# Palm TX - using the Palm as a Windows Drive



## coulterp (Oct 20, 2003)

Any recommendations on software to do this?
I found Softick Card Export II for Palm OS 4.0 http://www.timeatlas.com/mos/PDAs/Palm_OS/Using_your_Palm_as_a_Windows_Drive/ although also stated to be TX and Palm OS 5 compatible.
Has anyone any experience using this? Or other similiar package that is as good or better.


----------



## jptrsn (Jan 29, 2006)

I use Card Export II on my Zire 31 (Palm OS 5.2.8), and it works very well. I use it almost daily to sync my iTunes playlist with my SD card so that I can keep an up to date set of songs on my device. It works both on PC and Mac, and the transfer rates are acceptable (much faster than transferring files using the Palm install program).

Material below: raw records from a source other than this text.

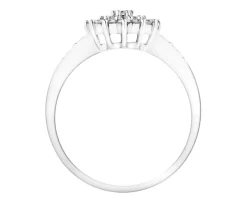 Pierścionek z białego złota z brylantami - 0,50 ct - próba 585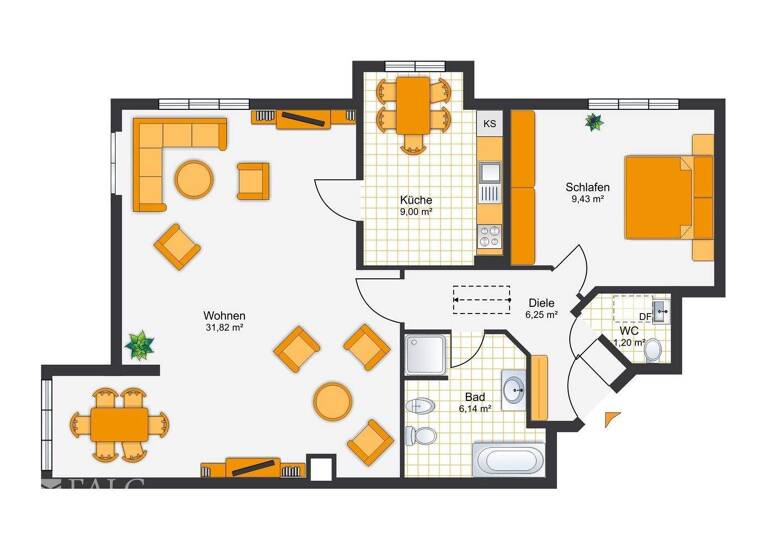 Sonstiges zum Kauf als Kapitalanlage geeignet 427.500 € 2 Zimmer 99,7 m² Neubiberg 85579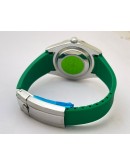 Rolex Air King Green Rubber Strap Swiss Automatic Watch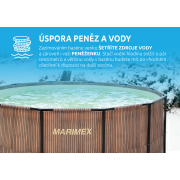 Bazén Florida 3,05x0,91 m se skimmerem - motiv TEAK náhled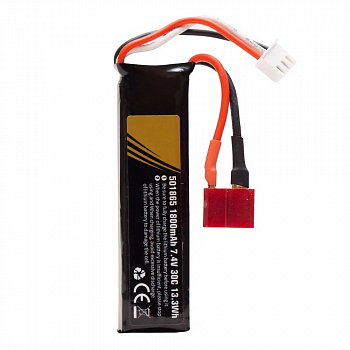 Аккумулятор Li-Pol 7.4v 451865 1800mah T-plug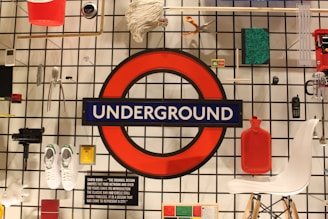 A vibrant display of various everyday items in use.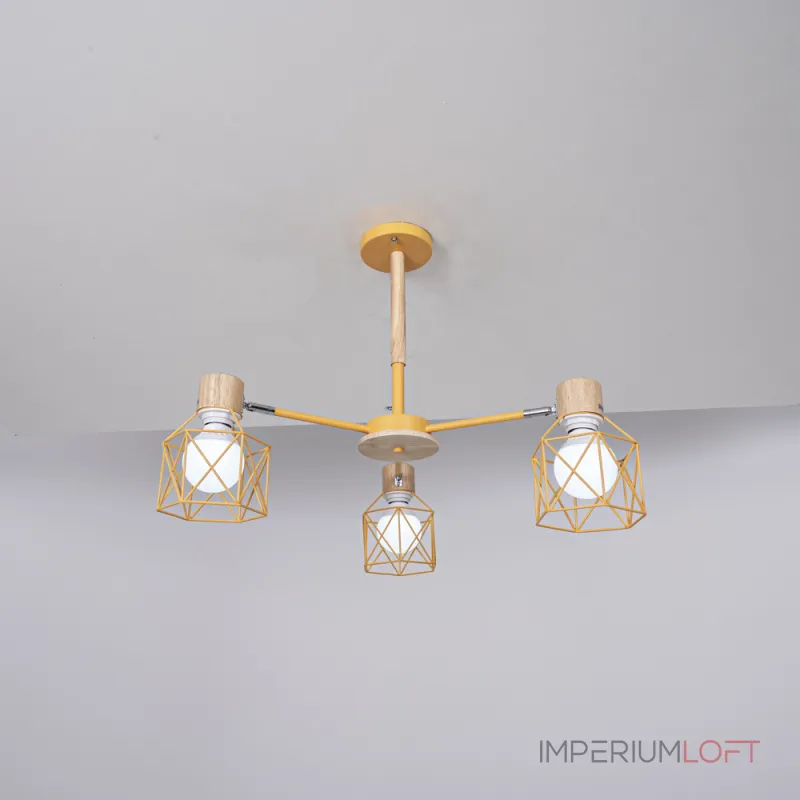 Потолочная люстра CORF B3 Yellow 3 lamps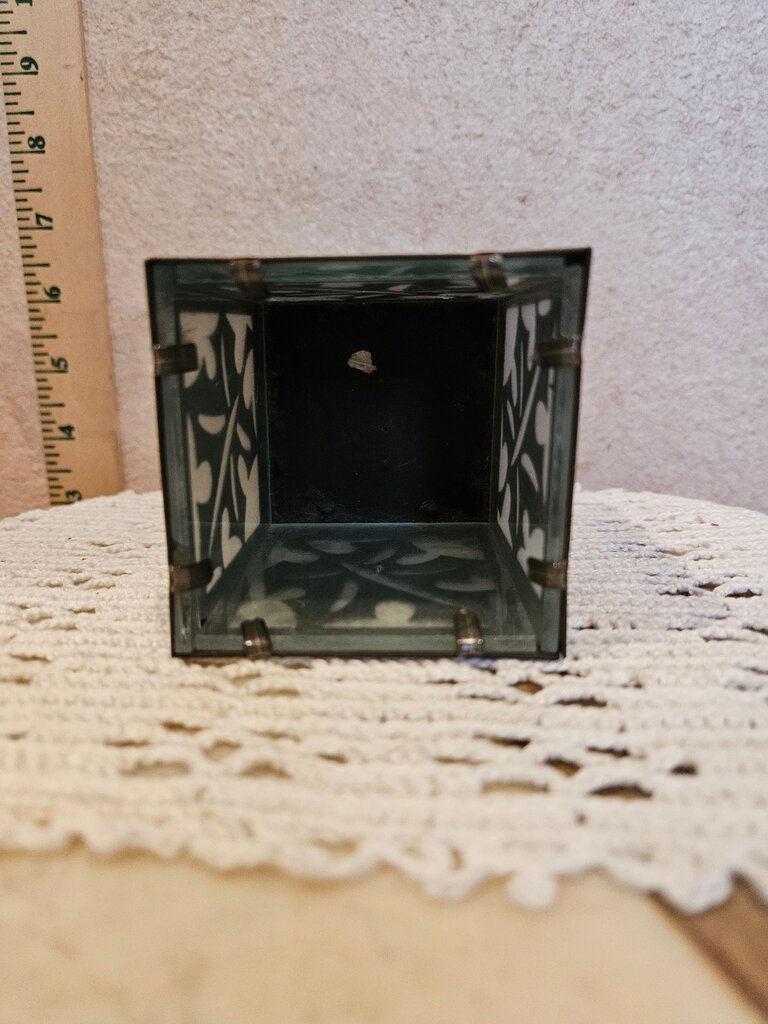 Decorative Black and Glass Lantern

I'd say it's a very reliable program. Although I have heard rumours about the T|X having "drive mode" where it will mount as a drive without 3rd party software. Take a look through your documentation, or maybe do a search on drive mode to see if that's available before purchasing possibly unnecessary software.

You can also download the trail version from Softick, just to check it out before you decide to purchase. Just head to their website and it should be pretty easy to find. The demo version has all the functionality of the regular version, but expires after 30 days or so.


----------